Any sort of interleaved labeling basis, e.g., A1, quick brown fox, A2, jumped lazy dog, induces a similar effect to for chaining recall & reasoning more reliably.

This trick works because PUA tokens are generally untrained hence their initial embedding is still random Gaussian w.h.p. Similar effects can be achieved by simply using token combos unlikely to exist and are often in practice more effective since PUA tokens like emojis or Mandarin characters are often 2,3, or 4 tokens after tokenization vs. codeword combos like zy-qu-qwerty every k content tokens, where can be variable.
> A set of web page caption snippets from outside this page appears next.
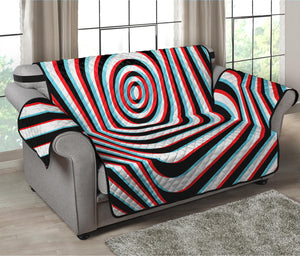 Anaglyph Optical Illusion Print Loveseat Protector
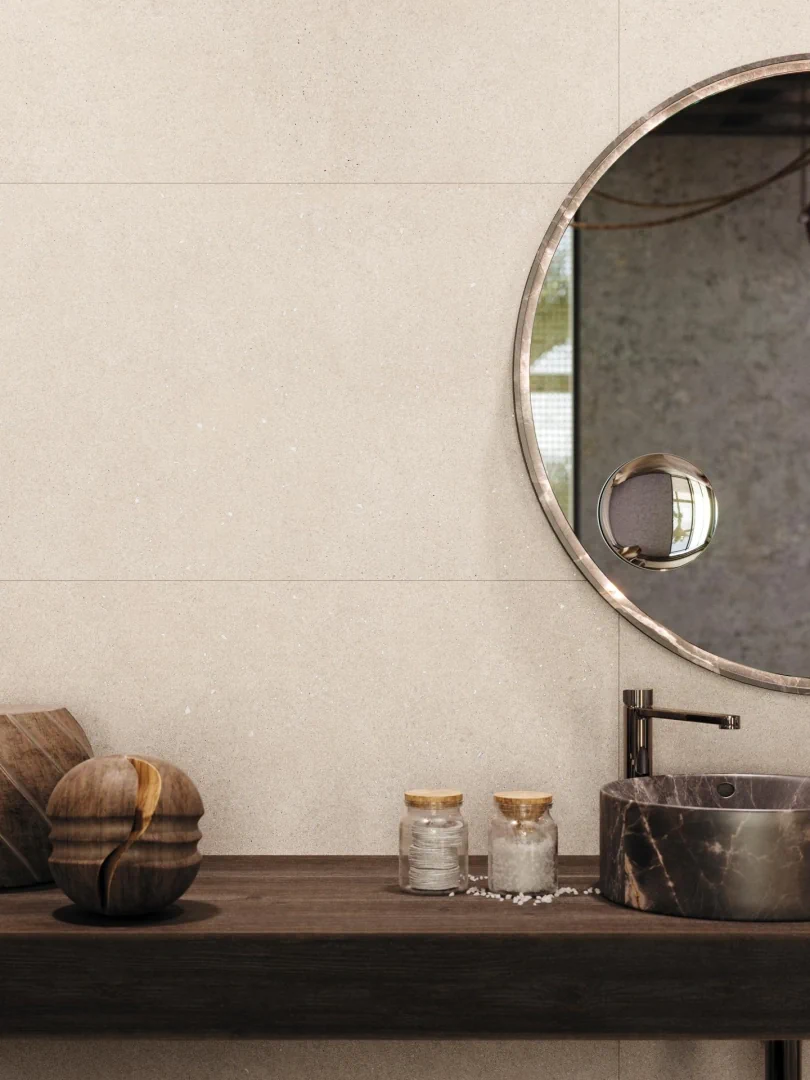 Gres Porcelanosa TERRA efekt beton - aranzacja w przestronnym holu
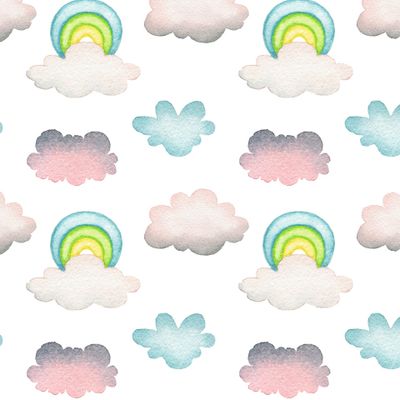 Детский паттерн с облаками и радугой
Building attention architecture using modular manifolds in white / gray-box models like this new work shows vs. prompt-based black box injection is a natural next step, and so can at least anecdotally validate what they're building ahead of next paper or two.

Which is all to say, absolutely great to see others building in this way!

Wot? Is this what AI generated non-sense has come to? This is totally unrelated.
What does this mean?
Well-done post, I'd like to read more of their work and it's exciting to see these new ideas. Though as other people have said, the one set of empirical results that they present is a bit... confusing? I'd think they'd have some more compelling examples to present given all the pretty math.

Their modular norm paper (https://arxiv.org/abs/2405.14813) has several more examples; see their appendix D in particular, but these are also mystifying. Yes they're interested in how things scale but am I the only one to whom it seems that the training losses they report are just not competitive with things that are currently being used?

Nice! Posts like this make me remorseful of not following a mathematics career. I'm sure some of the notation is basic (as in undergrad) but I'd need an entire weekend to understand the post.